> To do
In the entries that follow, find the line containing "building site. 125556169" and the line containing "a young man", then retype exactly the lines from the first through the second, pictures excluded.

::: Exercise material

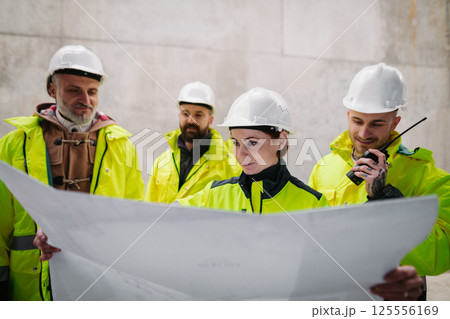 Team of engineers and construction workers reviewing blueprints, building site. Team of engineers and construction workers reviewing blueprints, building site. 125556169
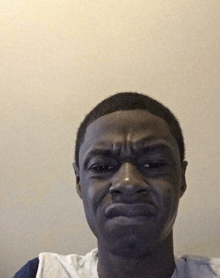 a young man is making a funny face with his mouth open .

::::::
::: Exercise material

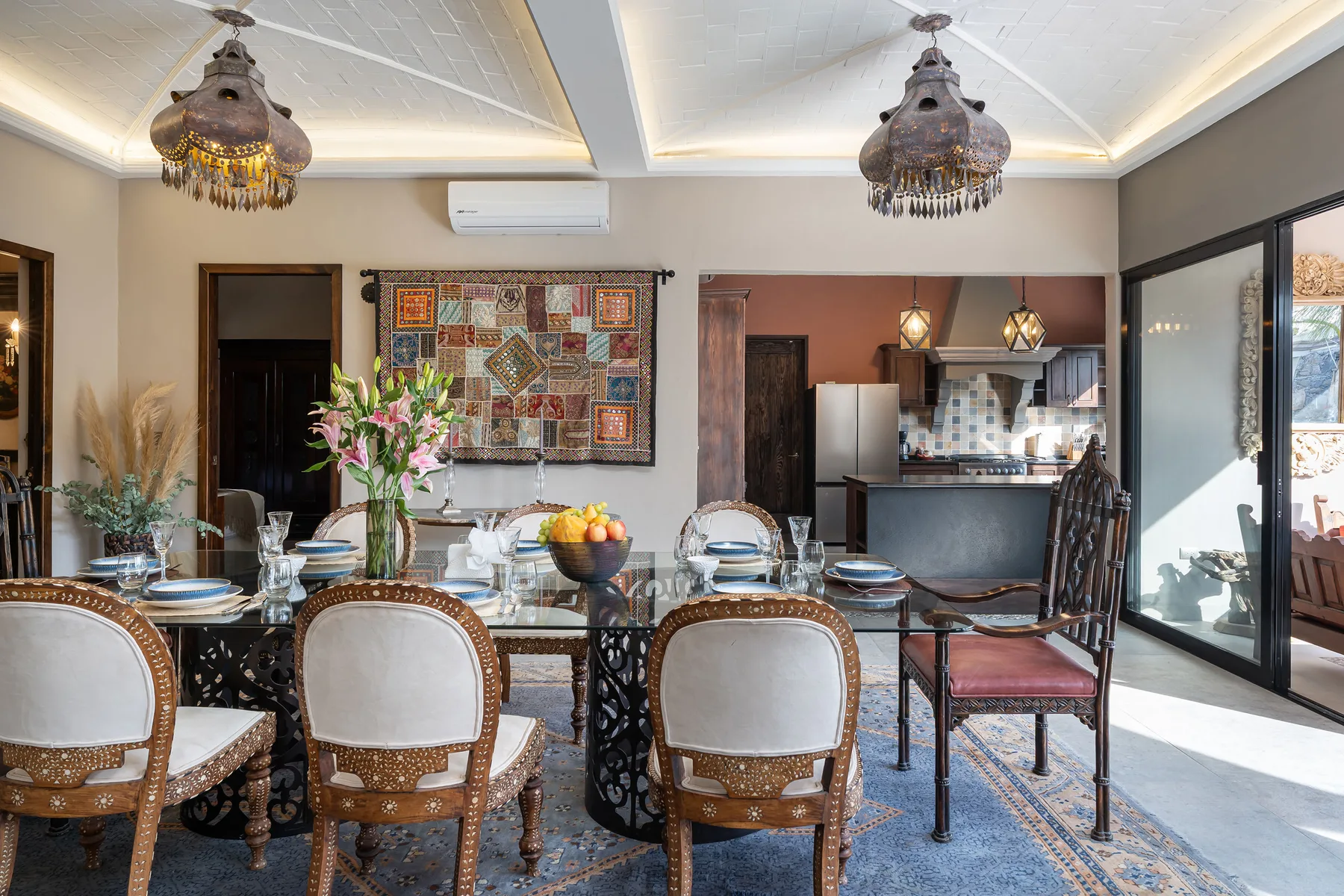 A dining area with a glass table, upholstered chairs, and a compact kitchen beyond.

::::::

> Task response
 Team of engineers and construction workers reviewing blueprints, building site. Team of engineers and construction workers reviewing blueprints, building site. 125556169
 a young man is making a funny face with his mouth open .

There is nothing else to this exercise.